Accounting for an estimated $7 trillion, or 10% of the world’s GDP, the global tourism sector has played an increasingly critical role in spurring growth, reducing poverty, creating jobs and generating incomes.

This trend will continue. World tourism is on track to experience sustained growth in the coming years, reaching 1.8 billion international tourist arrivals in 2030, up from 1.2 billion in 2015, according to UNWTO.

In many countries, tourism is also becoming a driving force for social inclusion, benefitting youth and women, small and medium-sized enterprises, local communities and rural populations.

In this sense, tourism is generating significant multiplier effects on social inclusion and economic empowerment.

In a positive trend, both tourism operators and tourists themselves are also becoming increasingly environmentally friendly, as seen in the growth in eco-tourism.

Across the globe, the tourism sector has become a critical pillar within national development planning and policies.

Sustainable tourism has a unique ability to connect sectors and to advance sustainable development.

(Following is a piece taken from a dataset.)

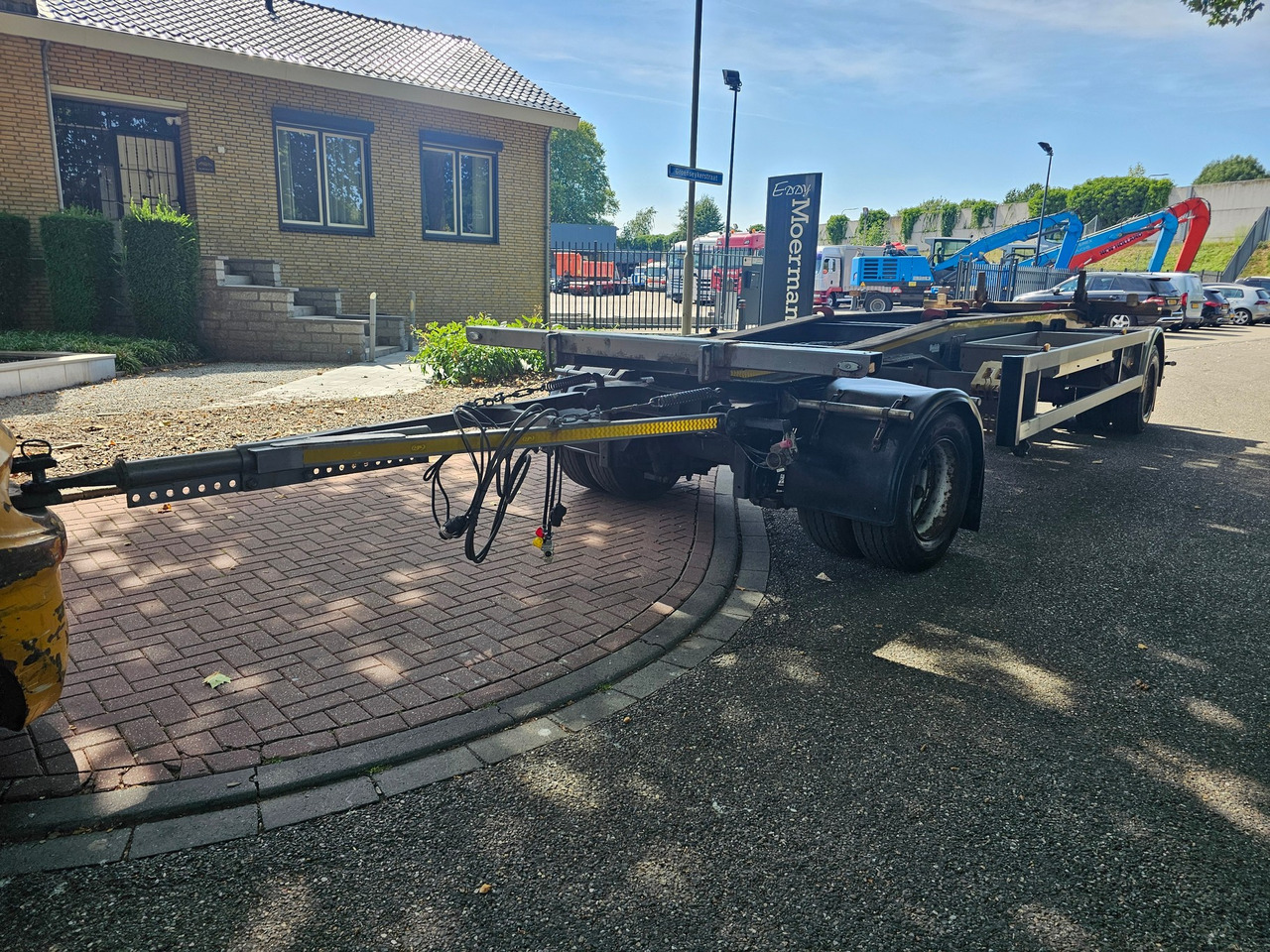 AJK AAE With Slide - Roll-off/ Skip trailer: picture 3 AJK AAE With Slide - Roll-off/ Skip trailer: picture 3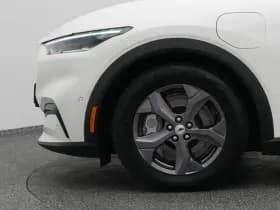 Ford Mustang mach e rwd 75 kwh stoelverw leder 360 adaptive thumbnail 22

In adopting the 2030 Agenda, Member States stressed the importance of tourism and included a specific target on tourism in SDG 8 – By 2030, devise and implement policies to promote sustainable tourism that creates jobs and promotes local culture and products.


2015 was also a special year for tourism as the United Nations General Assembly decided to declare 2017 as the International Year of Sustainable Tourism for Development.

In the future, I believe we will see an acceleration of the current trends in the direction of sustainable tourism, in both developed and developing countries.

In all sectors of tourism – from transport, to water and energy consumption, to the protection of natural resources, to job creation and poverty reduction – I hope to see both the tourism industry and tourists themselves practice sustainable tourism.


It is time to promote sustainable tourism, to create income opportunities for local populations, to enhance understanding and friendship between nations, to increase environmental awareness and protect the natural and cultural heritages of the destination countries.

To this end, we should strive to maximise the potential of tourism for eradicating poverty, by developing appropriate sustainable tourism strategies in co-operation with all stakeholders. This Ministerial meeting affords us the opportunity to discuss this and other related issues and to promote dialogue among all involved stakeholders.

I wish you the best in your deliberations and I look forward to the successful outcome of this meeting.

Thank you.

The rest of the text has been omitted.